His last fight was 35 years ago, against Trevor Berbick, which he lost. Yet the world is mourning as if we’ve lost Mother Teresa all over again.

“I beat people up for a living,” he said about his job.

So why does his death matter so much to the world? Nurses and doctors save lives every day, but do not have such an effect on people’s lives. Why?

Perhaps a better way of asking this question is: why do the sublime become sublime? The news of your passing will be muted, even though you think you’re doing so much good for humanity.

First, Muhammad Ali was not a prisoner of scarcity. If you are too scared to lose your job and pussyfoot around matters that wrench your heart, consider yourself a living dead person.

He was not naive. He knew who paid his bills.

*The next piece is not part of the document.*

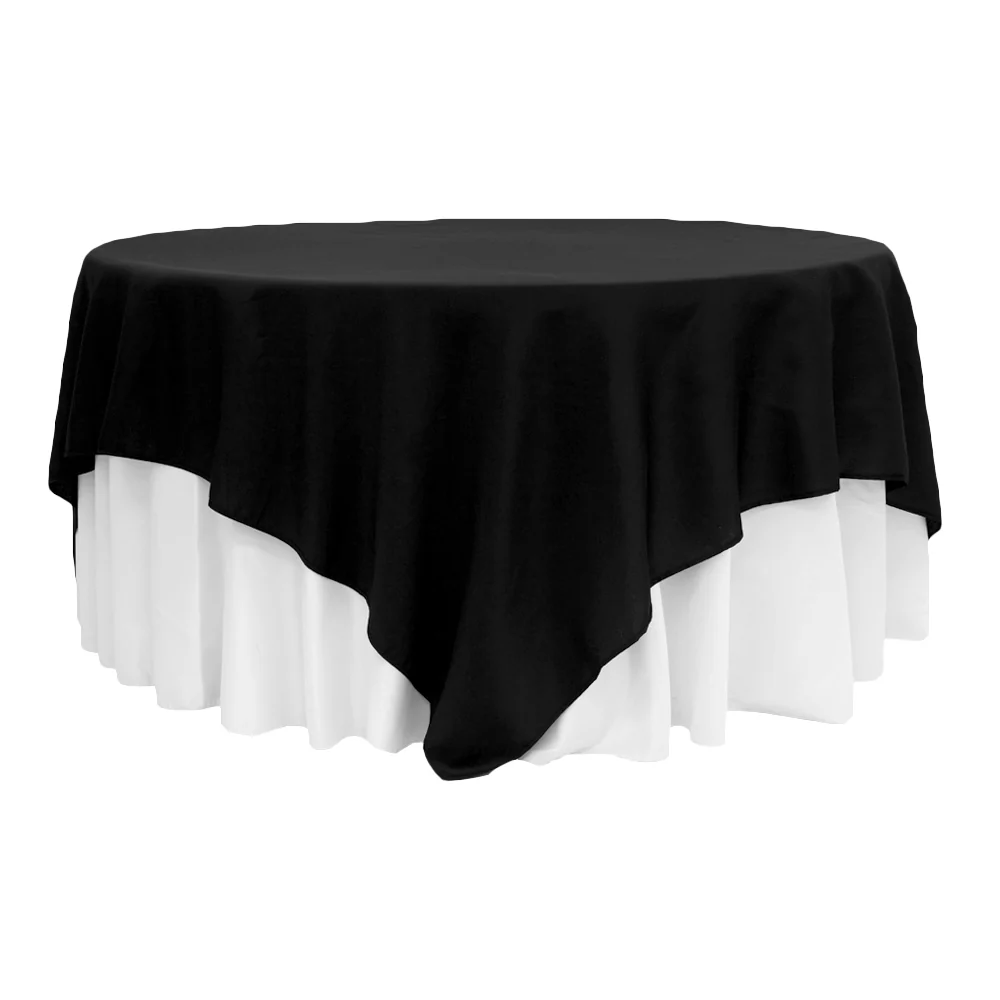 Premium Polyester Square 90"x90" Overlay/Tablecloth - Black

“Boxing,” he once said, “is a lot of white men watching two black men beat each other up.” But he was not afraid of upsetting his paymasters.

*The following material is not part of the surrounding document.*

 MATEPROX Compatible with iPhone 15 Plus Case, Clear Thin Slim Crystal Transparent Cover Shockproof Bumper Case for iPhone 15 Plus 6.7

He accepted Islam and changed his name; he was born Cassius Clay.

“I am America. I am the part you won’t recognise, but get used to me. Black, confident, cocky. My name, not yours. My religion, not yours. My goals, my own. Get used to me,” he said.

Jimmy Canon, a newspaper columnist who was inducted into the Boxing Hall of Fame for his ability to fight with the pen, wrote: “I pity Clay and abhor what he represents.”

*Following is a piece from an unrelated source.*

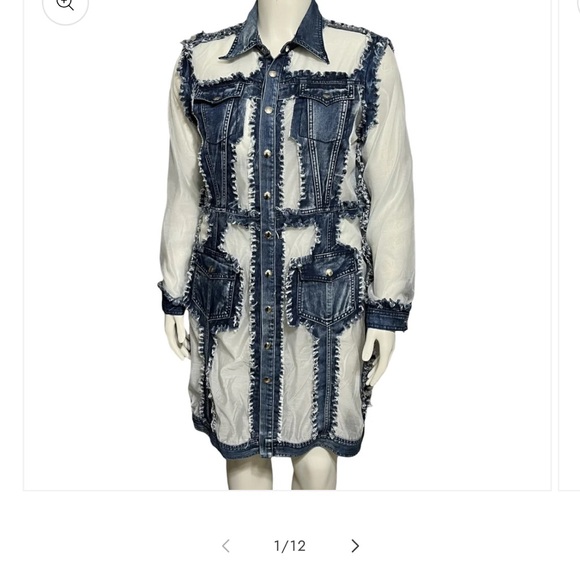 Adore Blue and White Denim Dress Perfect for that Country Gal - Picture 4 of 9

In his eyes, and that of millions of white people, Ali was supposed to be like Joe Louis, who was, as Canon wrote, “a credit to his race”.

The champ was unyielding. He didn’t even try to get into the good books of the most respected sports columnist of his time, Red Smith, who wrote: “Cassius makes himself as sorry a spectacle as those unwashed punks who picket and demonstrate against the war.”

Freedom from scarcity gave Ali the wisdom to be selfless. “I’m gonna fight for the prestige, not for me, but to uplift my little brothers who are sleeping on concrete floors today in America. Black people who are living on welfare; black people who can’t eat; black people who don’t have a future.”

People who want all the success for themselves seldom get it.

It is like jumping into a well and hoping to drink as much as you wish.

You won’t; you will drown.

The worst form of suicide you can commit as a human being is to defend the privilege of the rich. When Ali was drafted to join the US war in Vietnam, he said: “I’m not going 10 000 miles from home to help murder and burn another poor nation simply to continue the domination of white slave masters of the darker people the world over.”

He lost his boxing licence and faced a jail term.

Contrary to popular belief, Ali was not a unifier. He was principled and those who shared his values crossed the line to be with him.

In other words, he was not an appeaser.

In the business world, companies that try to appease their customers lose to the ones that delight their customers with innovation.

Ali was widely considered to be the “greatest boxer of all time”, and he fought with flair.

The sublime do not just do their jobs, they add spice to the way they do them.

Whatever you do, make it delectable and, like Muhammad Ali who defied the confines of the ring, you will have an effect on others, in places you scarcely know.